Szczecińska firma odmówiła Fundacji Małych Stópek reklamy Marszu dla Życia – informuje naszdziennik.pl. Powołała się na rzekomy kontekst polityczny marszu. Kontekst, który nie istnieje.

Zwróciłem się telefonicznie do jednej z firm działających w Szczecinie z prośbą o zamieszczenie wizualnej emisji reklamy Marszu dla Życia, który ma się odbyć już niedługo, bo 21 maja. Odmówiono mi tego. Usłyszałem bardzo przykre słowa. Jako powód podano to, że reklama ma charakter polityczny. Zupełnie tego nie rozumiem. Marsz nie ma w ogóle podtekstu politycznego. Tegoroczne hasło brzmi: „Kocham Cię, Życie”, nie ma tu żadnego wątku nawiązującego do obowiązującego prawa czy też do inicjatyw obywatelskich zmierzających do zmiany tego prawa”

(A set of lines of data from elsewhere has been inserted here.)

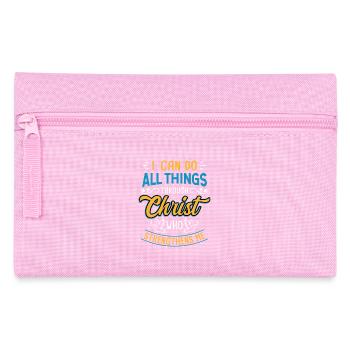 Through Christ Strengthens Me Bible Verse Design - Federtasche - Rosa - Vorne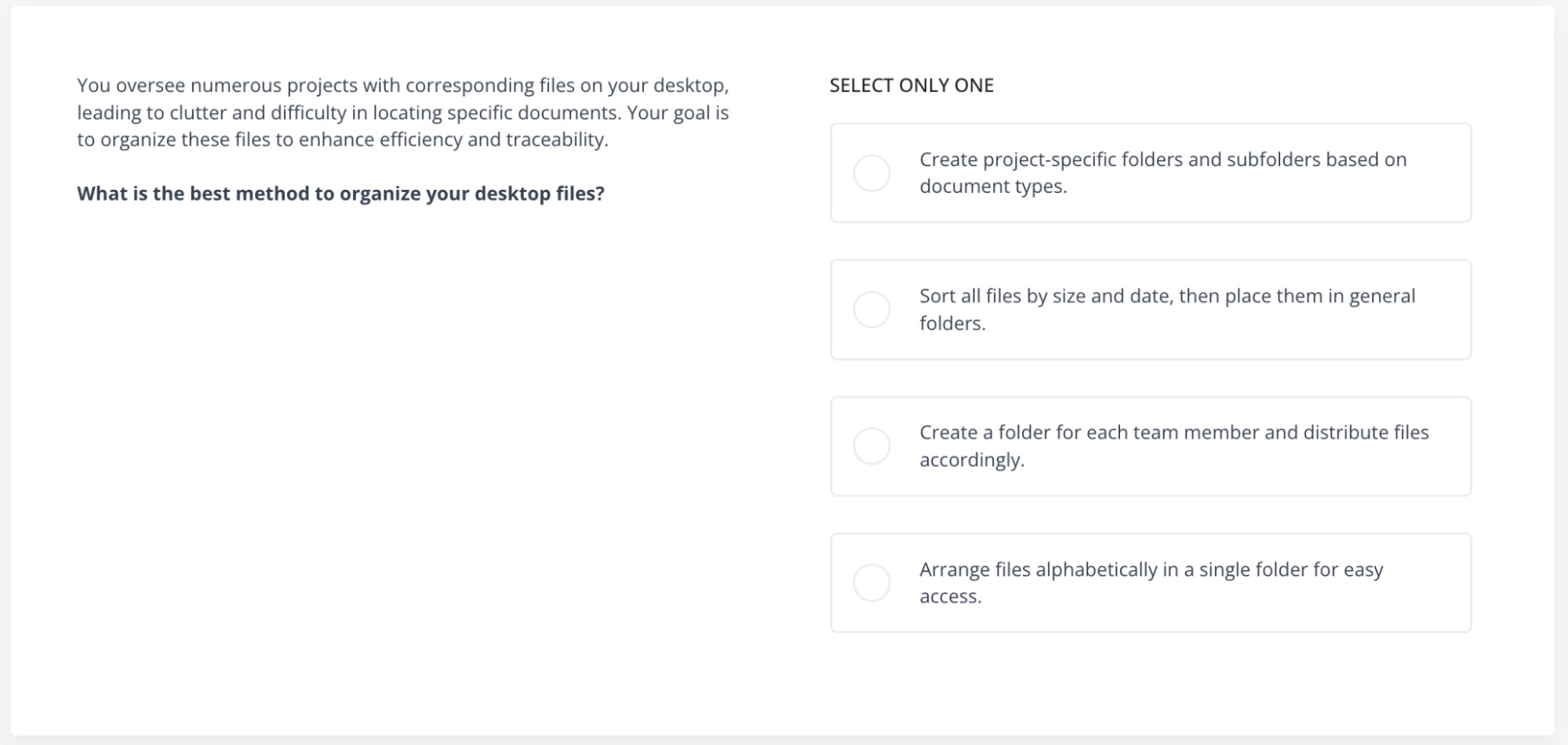 An example question from TestGorilla's Computer Literacy test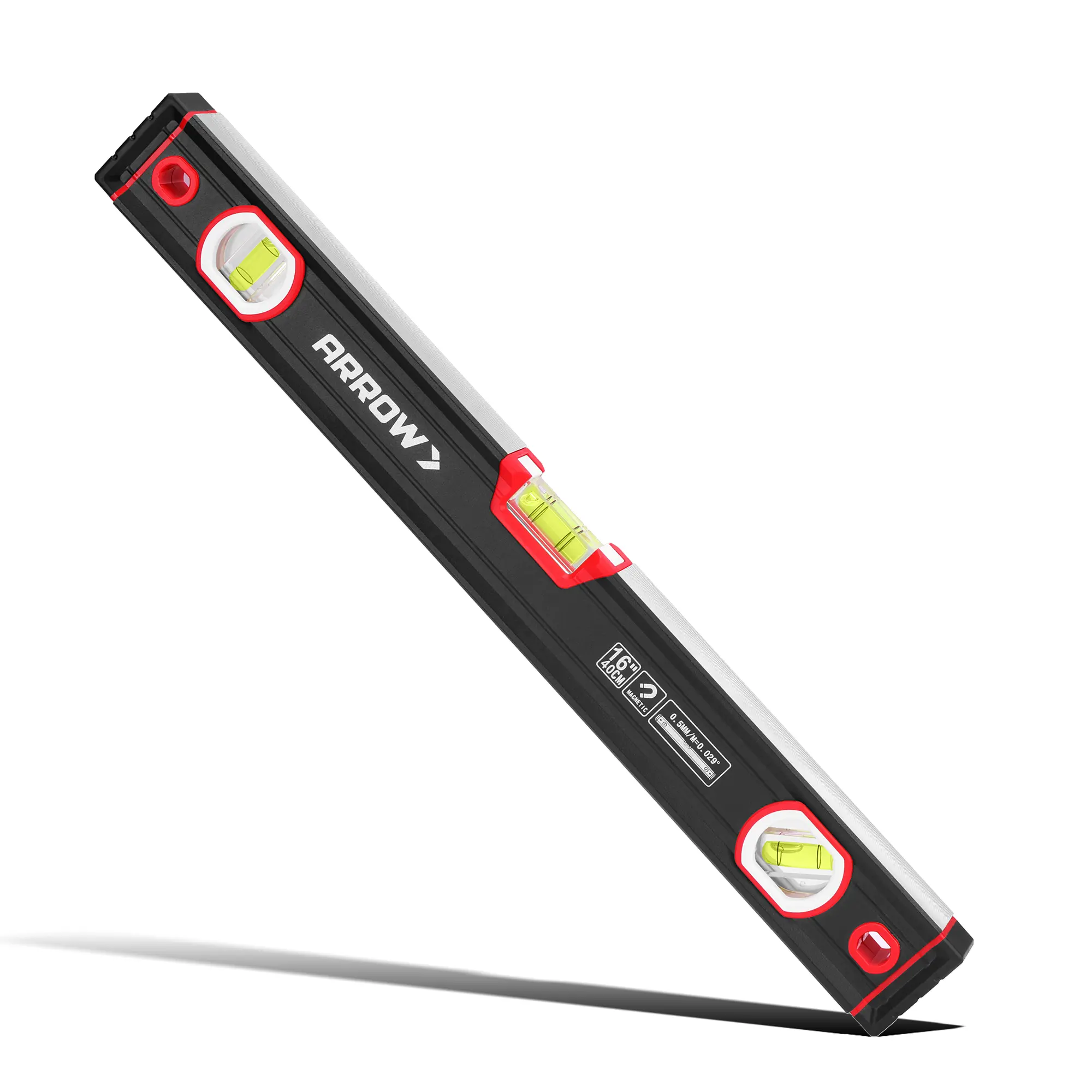 #backtoschool ARROW 16-Inch Level, Magnetic Torpedo Level with 45°/90°/180° Bubbles, Aluminum Alloy Body, Precision-Machined Base, Shockproof Rubber End Caps, V-Groove & Hanging Hole for Construction, Carpentry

- powiedział w rozmowie z „Naszym Dziennikiem” ksiądz Kancelarczyk i dodał:

Nie pokazaliśmy im jeszcze tej wizualizacji, a już spotkaliśmy się z odmową. Jestem tym bardzo zaskoczony. Treść przygotowanej przez nas reklamy w żadnym razie nie zawierała elementów drastycznych.”

Reklama miała zawierać elementy… dziecięcych zabawek. Czy to jest kontekst polityczny, o którym mówi firma? W tym miejscu warto przypomnieć, że przed sądem całkiem niedawno przegrał sprawę mężczyzna, który odmówił wydruku plakatów fundacji LGBT. Sąd uznał to za wykroczenie.